#### How to complete this task
If pictures appear among the lines below, leave them out while you return exactly the lines from the one with "Животът на принцеса" through the one with "প্রথম প্রহরে ভাষা শহীদদের প্রতি শ্রদ্ধাঞ্জলি".

#### Dataset records
==================================================

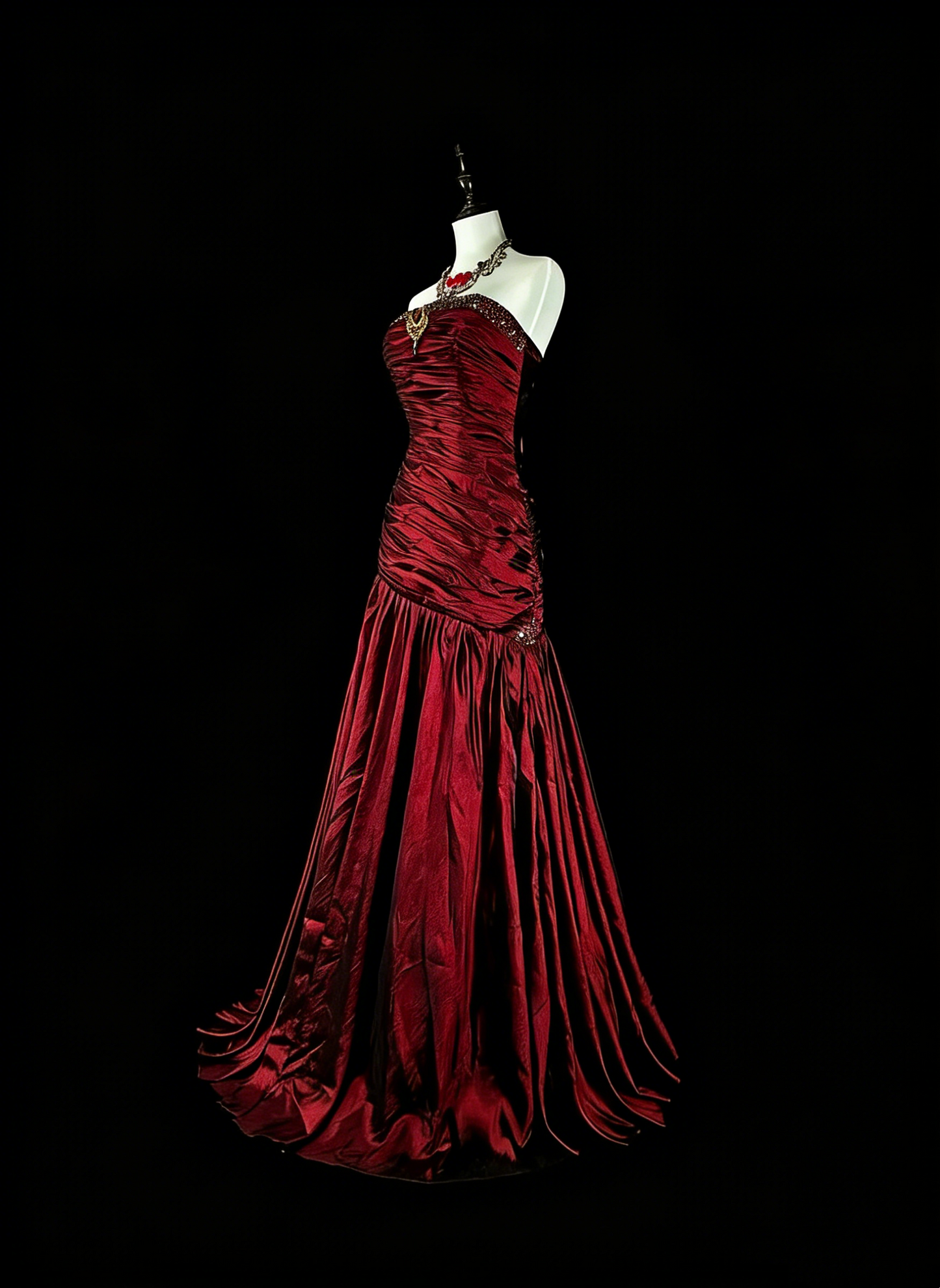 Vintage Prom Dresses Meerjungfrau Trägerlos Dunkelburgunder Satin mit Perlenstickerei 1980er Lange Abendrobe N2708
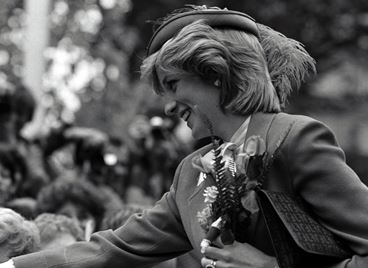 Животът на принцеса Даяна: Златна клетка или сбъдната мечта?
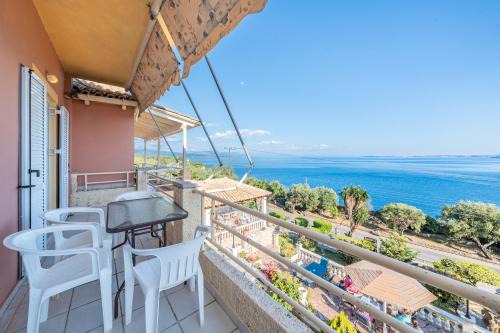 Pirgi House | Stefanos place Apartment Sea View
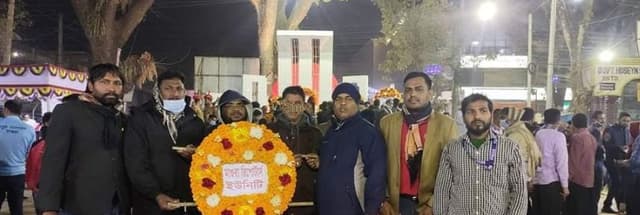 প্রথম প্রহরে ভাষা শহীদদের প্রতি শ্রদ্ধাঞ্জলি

==================================================

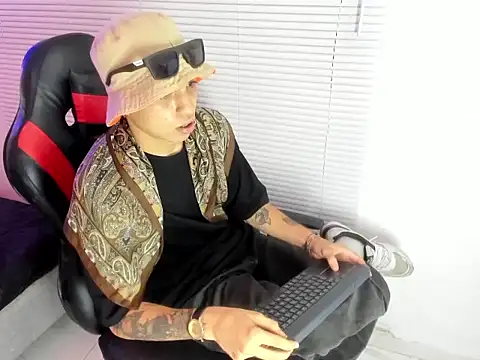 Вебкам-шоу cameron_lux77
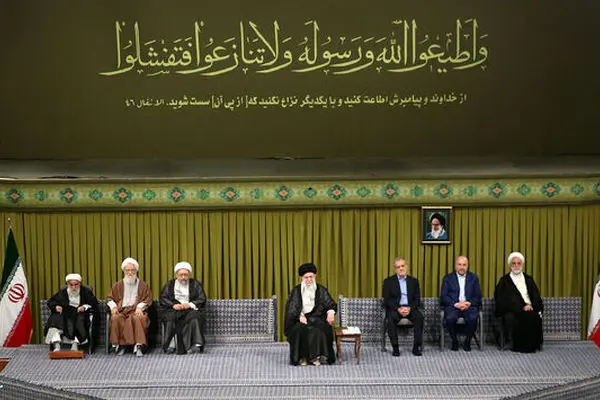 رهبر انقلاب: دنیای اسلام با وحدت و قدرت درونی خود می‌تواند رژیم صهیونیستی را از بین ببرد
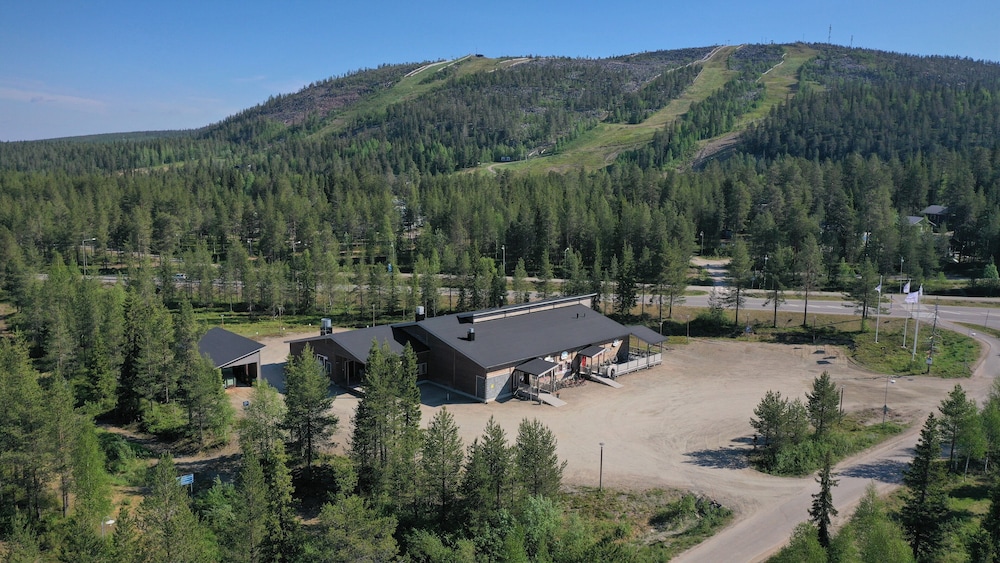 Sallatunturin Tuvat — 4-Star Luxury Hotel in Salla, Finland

==================================================

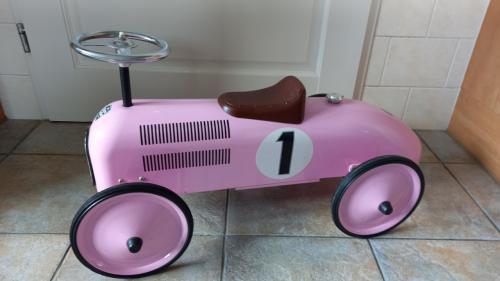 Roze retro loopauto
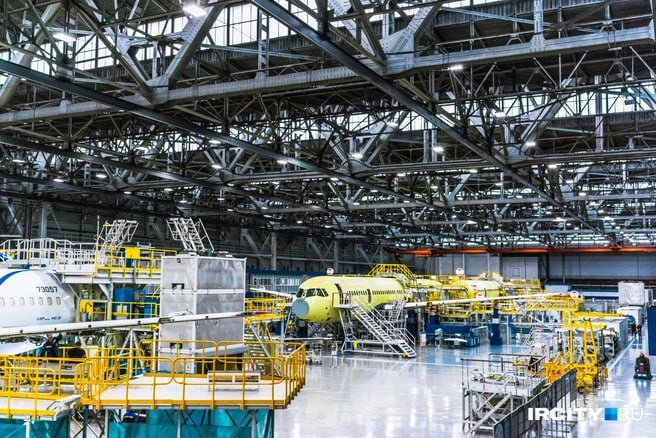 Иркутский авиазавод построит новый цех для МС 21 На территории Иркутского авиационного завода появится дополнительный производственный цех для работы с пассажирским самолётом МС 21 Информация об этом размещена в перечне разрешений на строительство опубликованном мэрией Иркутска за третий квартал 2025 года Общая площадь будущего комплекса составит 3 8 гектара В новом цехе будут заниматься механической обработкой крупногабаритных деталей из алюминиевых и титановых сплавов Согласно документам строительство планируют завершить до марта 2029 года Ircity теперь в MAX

==================================================

#### Answer for the task
 Животът на принцеса Даяна: Златна клетка или сбъдната мечта?
 Pirgi House | Stefanos place Apartment Sea View
 প্রথম প্রহরে ভাষা শহীদদের প্রতি শ্রদ্ধাঞ্জলি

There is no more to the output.